:: Dataset excerpts ::

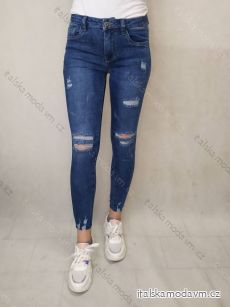 Rifle jeans dlouhé dámské (XS-XL) RE-DRESS RED222596-5/DR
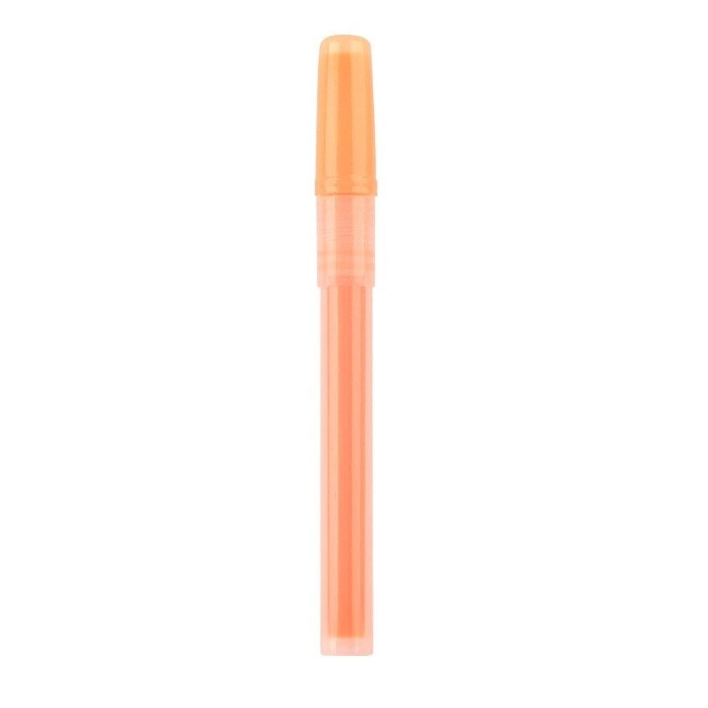 Rezerva textmarker retractabil Writech neon portocaliu varf rotund [1]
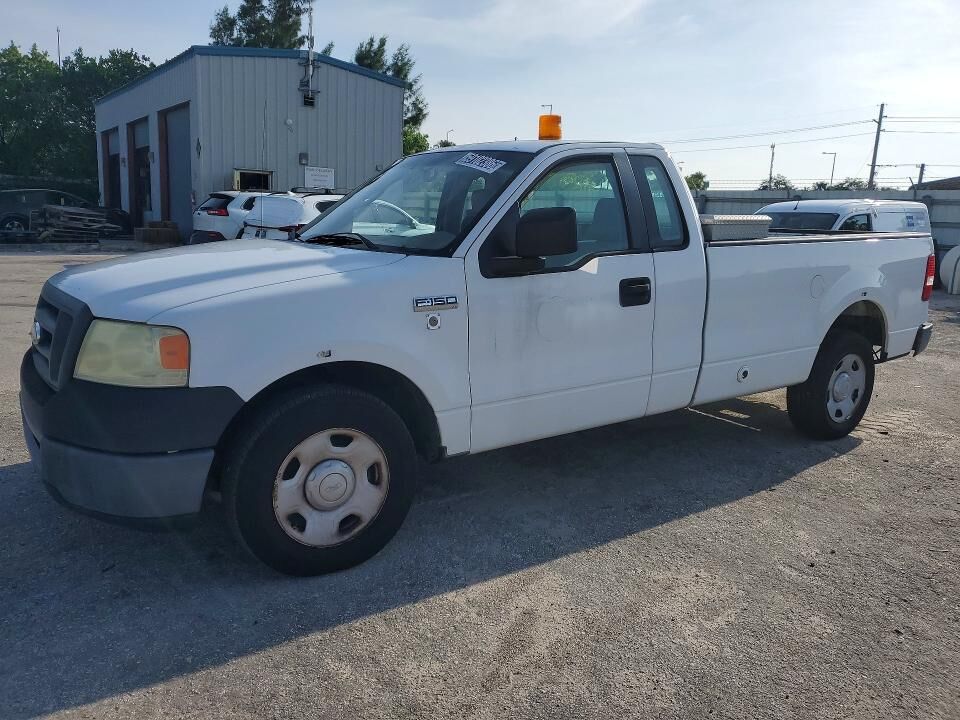 2008 FORD F-150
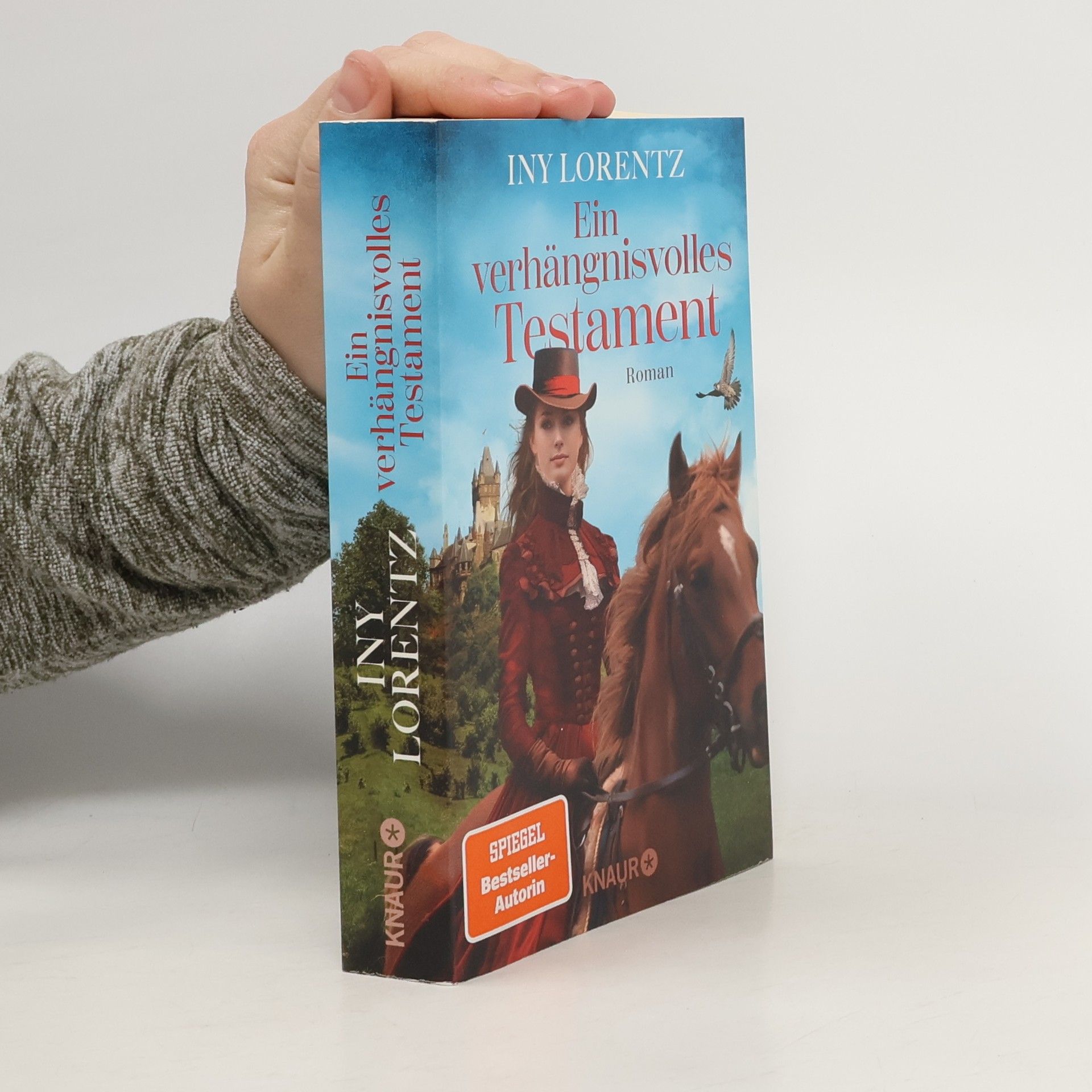 Iny Lorentz Ein verhängnisvolles Testament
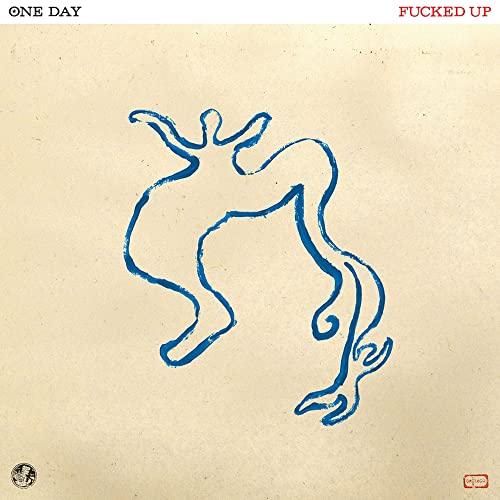 Fucked Up - One Day - Cd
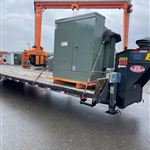 Pad-Mounted Electrical Transformer - Georgetown, Guyana - photo 1
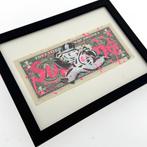 WhyCreationz (XX-XXI) - Monopoly Dollar Run / DollarArt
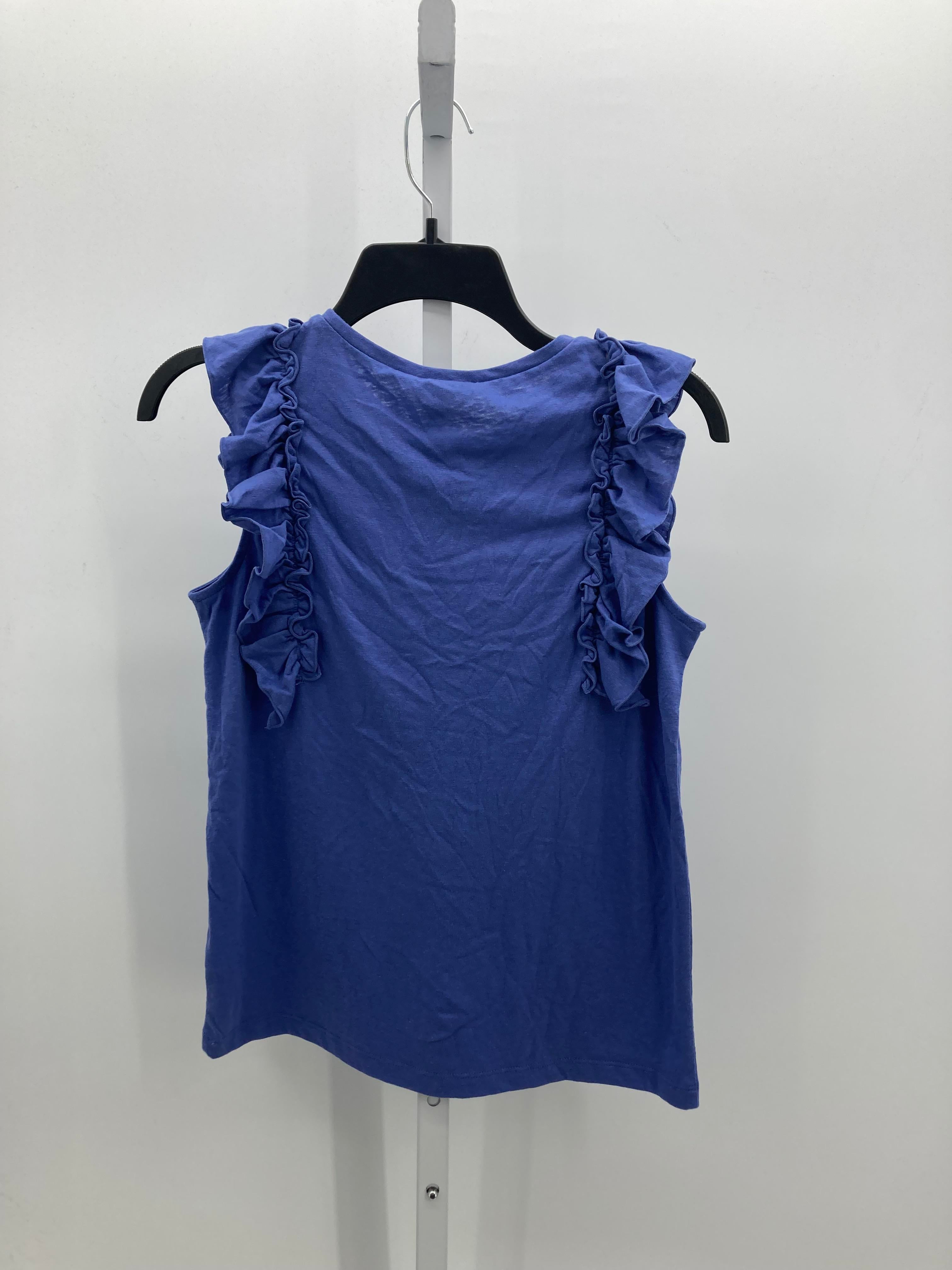 crewcuts Size 12-14 Girls Sleeveless Shirt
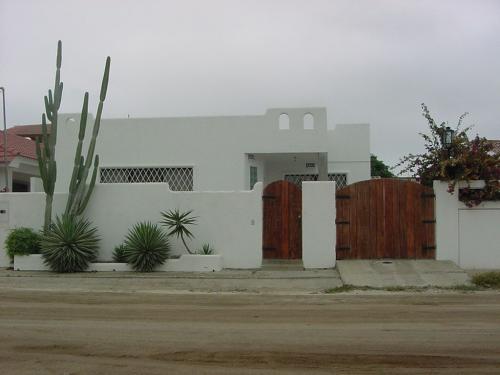 Casa amoblada en Chipipe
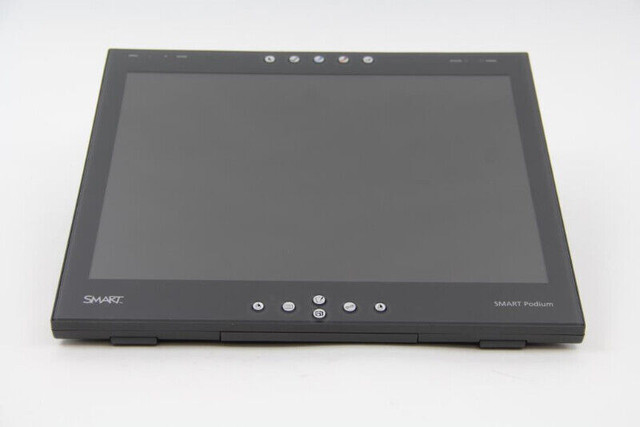 SMART PODIUM ID350 INTERACTIVE PEN DISPLAY, 13” in iPad & Tablet Accessories in Edmonton - Image 2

:::

[The problem] A faithful, word-for-word copy of the data is needed; the pictures should not appear in it.

[Written solution]
 Rifle jeans dlouhé dámské (XS-XL) RE-DRESS RED222596-5/DR
 Rezerva textmarker retractabil Writech neon portocaliu varf rotund [1]
 2008 FORD F-150
 Iny Lorentz Ein verhängnisvolles Testament
 Fucked Up - One Day - Cd
 Pad-Mounted Electrical Transformer - Georgetown, Guyana - photo 1
 WhyCreationz (XX-XXI) - Monopoly Dollar Run / DollarArt
 crewcuts Size 12-14 Girls Sleeveless Shirt
 Casa amoblada en Chipipe
 SMART PODIUM ID350 INTERACTIVE PEN DISPLAY, 13” in iPad & Tablet Accessories in Edmonton - Image 2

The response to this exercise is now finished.